Imagine, for example, if once each month or so your company's IT department send a legitimate-looking e-mail with a faux virus attached. Employees who "fall" for the e-mail would get a slightly embarrassing reminder not to click on unexpected e-mail attachments. In some more critical circumstances, failure in such random tests could impact an employees' annual review or raise. In a controlled test, Acquisti said, computer users were far more likely to learn safe computing behavior from this kind of random testing than traditional memos and warnings.
Not so easy to 'Fix the World'
After two days with 35 intense presentations each followed raucous question and answer sessions, things got strikingly quiet during the last panel, called "How Do We Fix the World." The topic of security ranges from keeping the family digital photos safe to keeping terrorists off airplanes. It also has no end-point. Terrorism researchers are plagued by the troubling question: "When will we know we've won the war on terror?" Security researchers face the same rhetorical problem.

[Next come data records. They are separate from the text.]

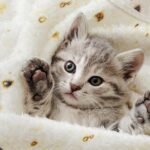 Tortilla Blanket, Baby Burritos Swaddle Blanket, Taco Blanket for Newborn Toddler, 285 GSM Soft Flannel Wearable Wrap Funny Gifts for Baby Shower Boy Girl 0-3 6 9 Months - Image 4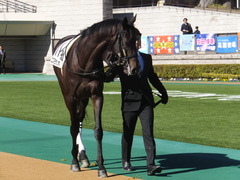 20150131 東京2R 3歳未勝利 コスモポッポ 03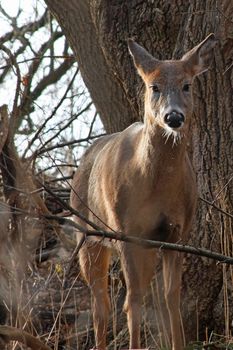 White-tailed Deer Odocoileus virginianus bucks and does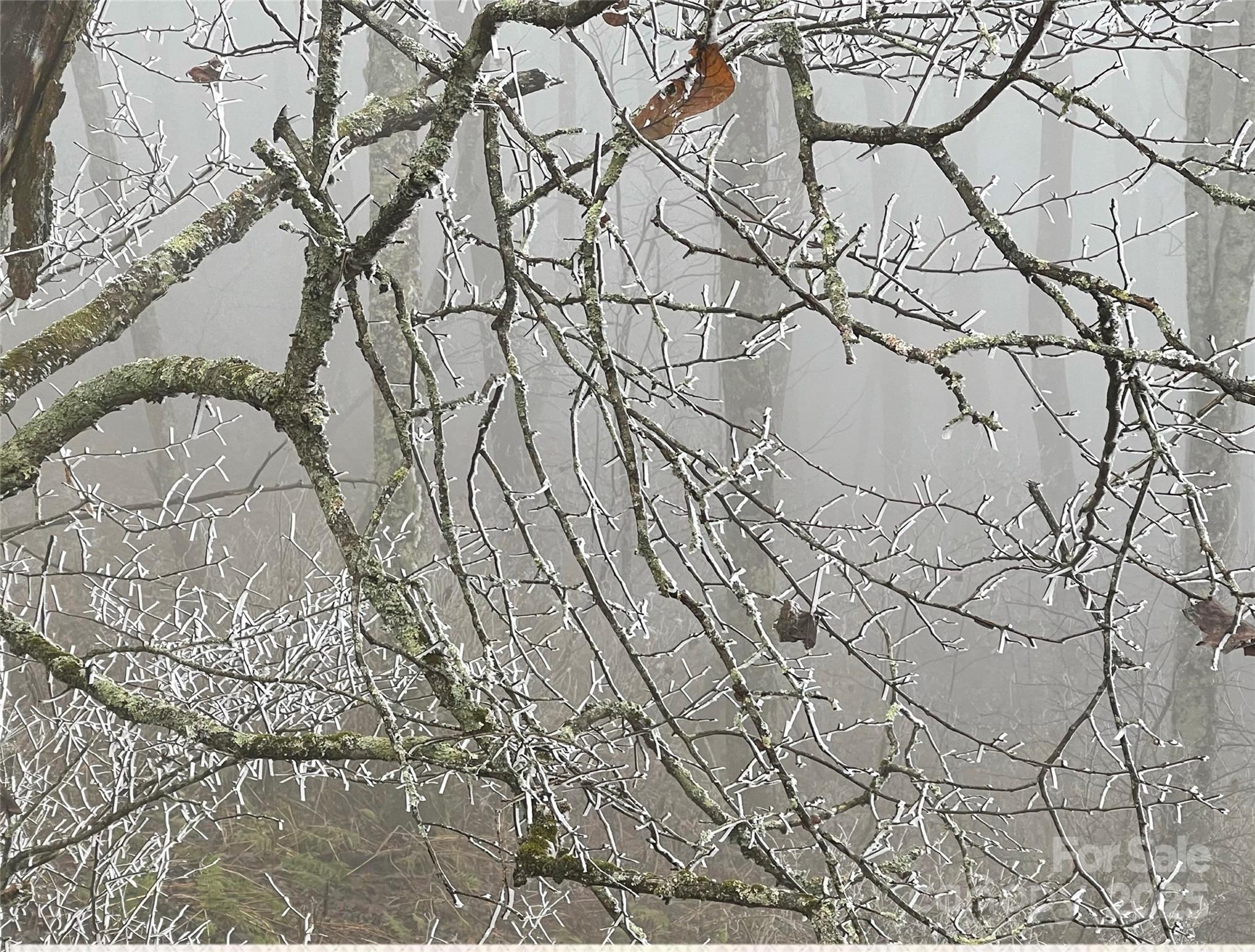 Lot #39 Ridge Top Circle Clyde, NC 28721 - Photo 20 of 35 a backyard of a house with lots of tree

But Aquisiti said he is hopeful this first-ever meeting will spur more interdisciplinary discussions. There was even talk of a "dating service," for researchers from different area to help them find each other ("I'm an economist studying the cost of antivirus software looking for a psychologist who is an expert in primal fear of predators.") Aquisiti was even hopeful a new field of study might be born. He struggled a bit to name it, however.
"Hmm…Perhaps the behavioral psychology of privacy and security," he said.
Or perhaps, they could just call it magic.